What helps me stay rooted to my professional-sense are the following:
- Everyone is different; remember to treat them well, but keep them focused in a way that they can relate to;
- The project is YOUR responsibility - praise your cast and crew for the positive outcomes of the project, and accept the criticism and negative outcomes that will come your way;
- Everything is a learning opportunity; NO ONE knows everything, and it is irresponsible to think that YOU are an exception;
- Effective leaders work shoulder-to-shoulder with others - show your cast and crew how important the project is to you by doing more than what is expected of you;
- Take time to laugh and celebrate with everyone - this is YOUR team, so share moments with them.
- DO NOT call anyone out in front of others. The temptation is there, but there’s so much truth in being the bigger person. When the actor walked off the set on a project when we were setting up to shoot a scene, I simply told everyone who looked at me after she had done that, “we move on,” but mentally noting to myself, “I will never work with her again.” When I had crew challenge my ideas or rules in front of everyone, I would explain why my plan needs to move forward (and shouting, “because I’m the f***ing director and I said so,” does not cut it!), then I would have private conversations with those individuals and politely remind them of the right time and right place to ask those questions and how to ask - this gets back to everything being a learning opportunity. We all grow, and we should help each other grow as well.

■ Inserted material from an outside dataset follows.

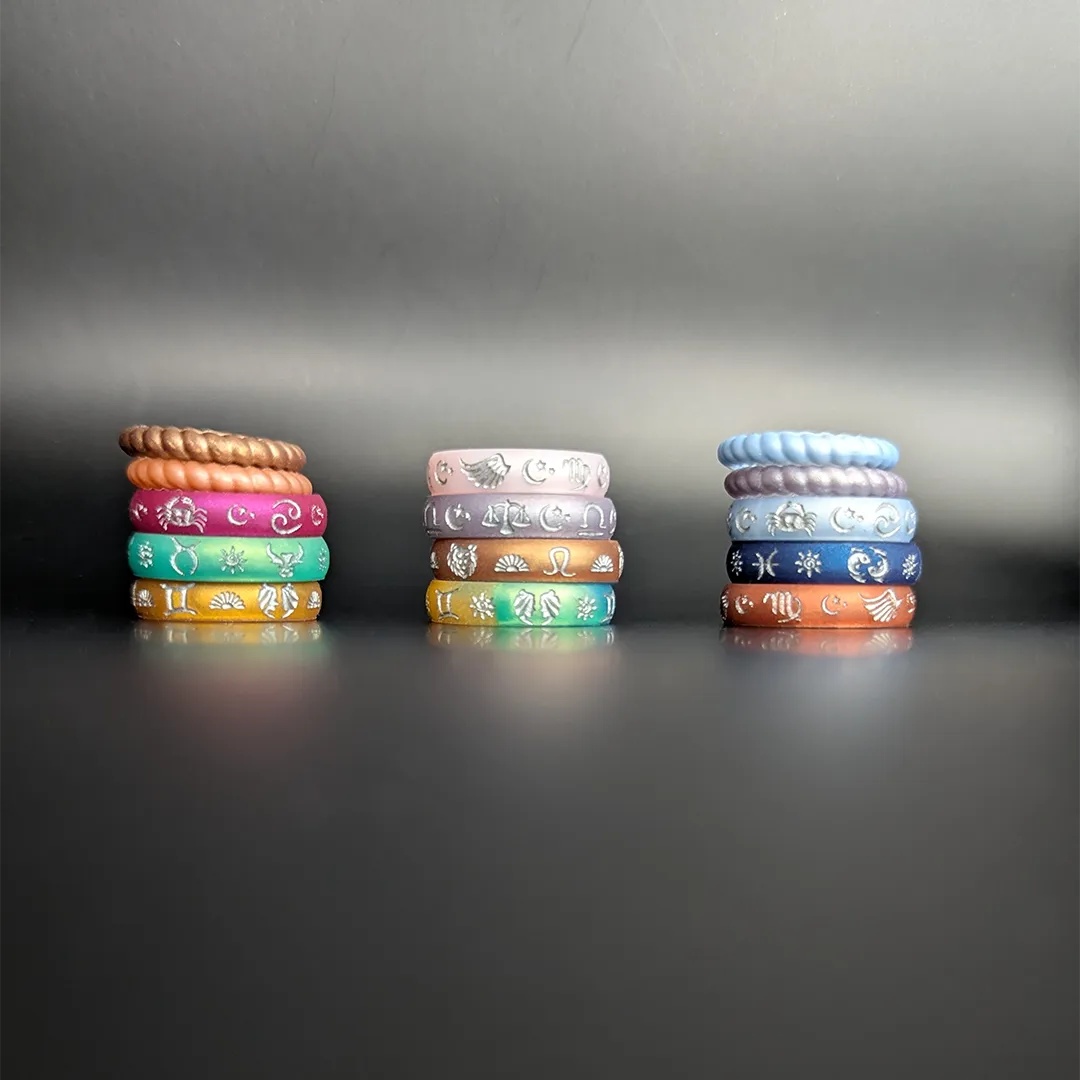 Virgo Rising Silicone Ring with Silver Inlay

- Ask yourself, who would someone rather work with: a degrading, self-absorbed, “know it all” who thinks they’re above everyone else, or someone who is a team player and wants to have a successful project turnout? Then, ask yourself, “Which one of those am I?” It’s really easy to hide behind, “I don’t care what anyone thinks of me,” but don’t let yourself fall into this mindset. Trust me, when it comes to getting gigs, later on, you will!

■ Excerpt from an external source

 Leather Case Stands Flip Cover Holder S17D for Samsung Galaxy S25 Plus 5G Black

- “Respect the janitor in the same manner you would the CEO.” People are just that: they’re people. Be respectful towards everyone, period. It’s just much easier and so much less stressful, and people will always be far more grateful when you show them respect.
- Be firm, but kind. YOU are responsible for the project; make it work, and be successful at it. Ultimately, everyone’s goal should be about the project, so set expectations for all cast and crew, and hold them accountable. But, again, be kind about it; behind every failed attempt is a reason unknown unto many why the failure happened, and a lot of times, that failure can be beyond one’s control. You never know what someone went through to try to make something happen, but just couldn’t. BE KIND.

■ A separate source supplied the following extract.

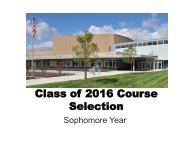 Sophomore Course Planning - Metea Valley High School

- Always remember, and this is so very true: “people don’t leave bad companies, they leave bad management.” DON’T be a bad manager (leader)!
In closing, you can be your best professional “you” by accepting your role and responsibility, and balance that against being an effective and responsible leader. You are going to have bad days and trying times because no one is exempt from that. Learn from those moments, continue to grow, and help those around you to grow as well by using kindness and understanding, but be firm in establishing expectations from your cast and crew. In our ever-changing world, professionalism determines our future. Be your own future!